Every time I opened the little internet browser on my crappy bejewelled phone, I was charged for the data I used. And using your mobile data plan from home in another country? Seriously, so so so expensive. 0/10, do not recommend.

What I should have done instead

The smart thing to do would have been to install a United States eSIM (digital SIM card) before I left Canada. Data’s super cheap ($4.50/week) and I wouldn’t have had to worry about roaming fees on my next phone bill.

My U.S. data would have powered all the apps I needed, including Hushed, so I’d be able to call and text with my boyfriend on my temporary phone number for the week.

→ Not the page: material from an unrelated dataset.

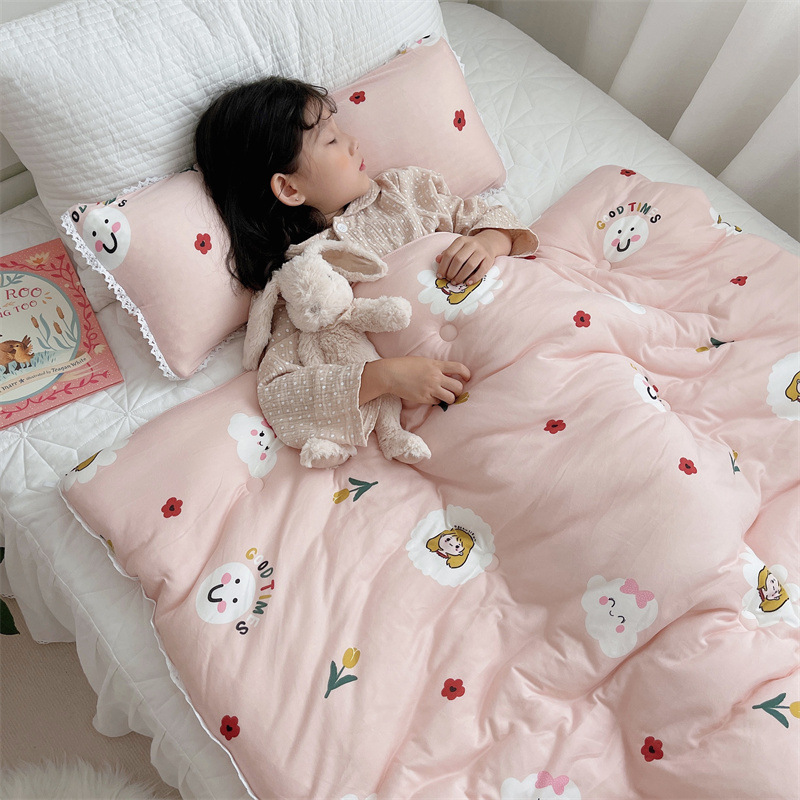 베개가없는 어린 소녀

I also would have also toggled off my primary SIM, just to be safe. (Ah, hindsight is 20/20 — just like those $20 sundresses I stocked up on at Charlotte Russe.)

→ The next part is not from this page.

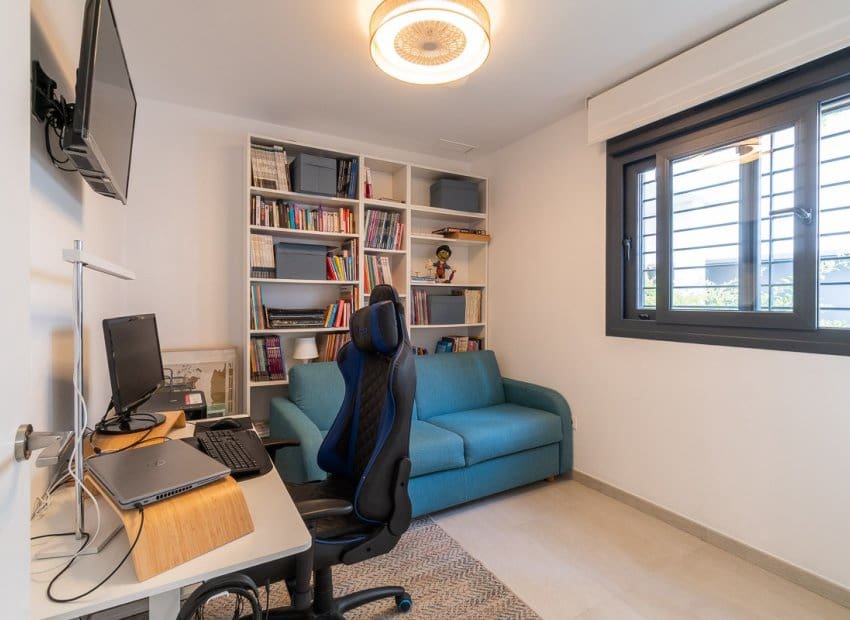 3 sypialnia Apartament na sprzedaż w Playa Flamenca z basenem - 450 000 € (Ref: 10062803)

TLDR; How to avoid roaming fees on vacation

Don’t do what I did, and use your phone on vacation without having a flipping clue. (Phone bill trauma is real, and it will stick to you like sand on your shiny, sunscreen-gooped legs.)

1. Decide what the heck you’re doing.

How will you be using your phone? Do you need to have your regular number working, or no? Are you okay with waiting to use your phone until there’s Wi-Fi available?

2. Install an eSIM for affordable data.

If you download the free aloSIM app, you can pick whatever country/region you’ll be visiting and buy a cheap prepaid SIM. It installs right on your phone so it’s ready for your trip.

3. Deal with your primary/home SIM *before* you leave.

If you want to use your regular phone number on your trip, talk to your carrier and ask how much they’ll charge for calls and texts. (Literally what I should have done, ugh.) Then toggle Data Roaming OFF so you can’t use that SIM for any data.

If you don’t want to keep your regular number active, you can toggle that sucker off entirely. No calls, no texts, no data, and NO ROAMING FEES. 🙏

4. Use a cheap internet phone number.

Cool kids already know this, but most aloSIM data packages come with a free international phone number from Hushed. If you aren’t using aloSIM, then consider using the free Hushed app. You can get a temporary phone number starting at just $2.99, and cancel it after your trip.

You know what they say. ‘Fool me once, shame on you. Fool me twice, shame on me.’ Well, I’m happy to report that I haven’t paid any roaming fees since I pulled my head out of the sand (literally — it was Florida) and learned how to actually use my phone on vacation.